Online video businesses that rely on advertising, as Mythical does, have faced significant challenges in the past. An early crop of companies, called multichannel networks, went under when they couldn’t wring enough profit from ads sold across large groups of YouTube creators. One such network, Defy Media, abruptly shut down in 2018, leaving the creators in its network scrambling to find new homes.
Among those creators was Ian Hecox. He was at a meeting in 2018 to discuss the future of his comedy video channel, Smosh, when he received an email saying that Defy Media was ceasing operations immediately. Soon after, the looting started.
“We had a wardrobe room and a prop room, and people were going, ‘Does anyone want this?’” Hecox recalled.
Brian Flanagan, Mythical’s chief operating officer, says the company’s business model is different from those early YouTube companies. While the bulk of Mythical’s revenue comes from advertising, the company doesn’t sell its own ads as multichannel networks did, relying instead on platforms like YouTube and Snapchat for its sales capabilities. And Mythical is focused on creating and owning shows by video creators rather than simply providing services for them.
There are other challenges to running an online video business centered on two stars.
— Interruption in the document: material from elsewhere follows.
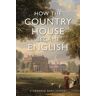 Stephanie Barczewski How the Country House Became English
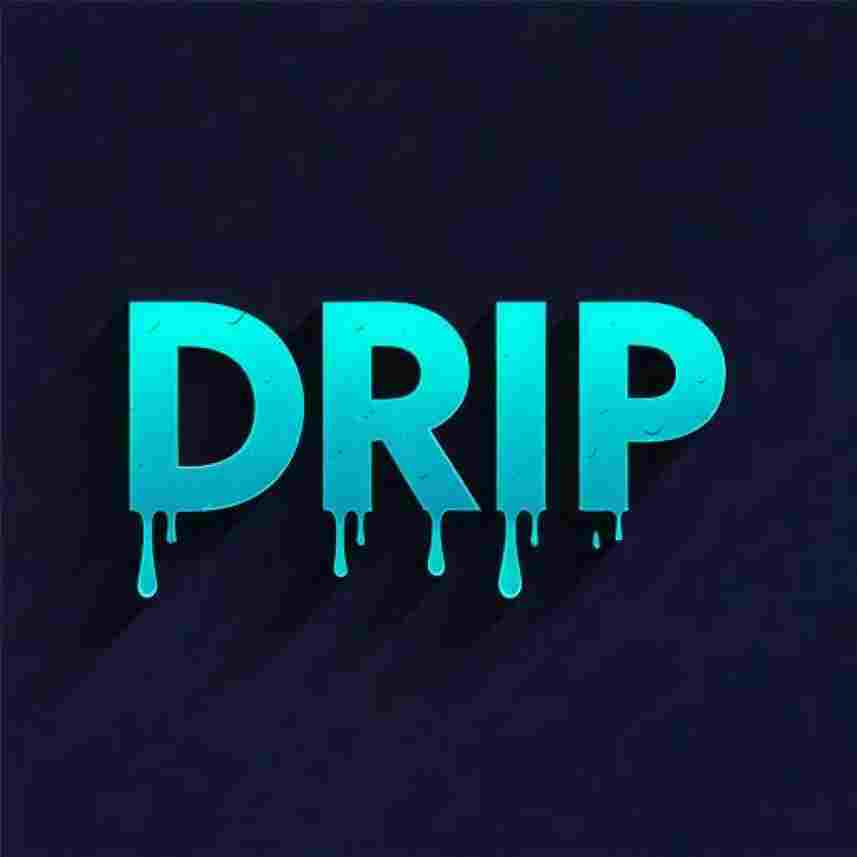 Drip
Hank and John Green, creators of the popular Vlogbrothers YouTube franchise, said in interviews that YouTube stars don’t “scale” — meaning the same person can’t be in two places at once.
But there are ways around that problem, Hank Green said, such as introducing new hosts on popular shows and giving them spinoffs once viewers become accustomed to them, as NBC did with Frasier from “Cheers.” John Green said that while creators still share ad revenue for some deals with distributors like YouTube, the financial circumstances have improved over the years.
“It was maybe in 2008 or 2009 when a bunch of creators were paid like $5,000 by Carl’s Jr. to eat a burger in a YouTube video,” John Green said, recalling that the sum was considerable for online creators at the time. “Fortunately, they didn’t ask us.”
Mythical’s next chapter is an accelerator program aimed at giving up-and-coming creators capital to start their businesses without resorting to using their father-in-law’s basement.
Mythical will take ownership stakes in those creators’ businesses and advise them, Neal said, helping them avoid the problems that often trouble creators, such as fatigue and boom-and-bust spending.
“You hear the Lambo stories, you hear the scandal stories, and you hear the burnout stories,” Neal said. “But the story that we are telling to creators is a story of success and opportunity and health.”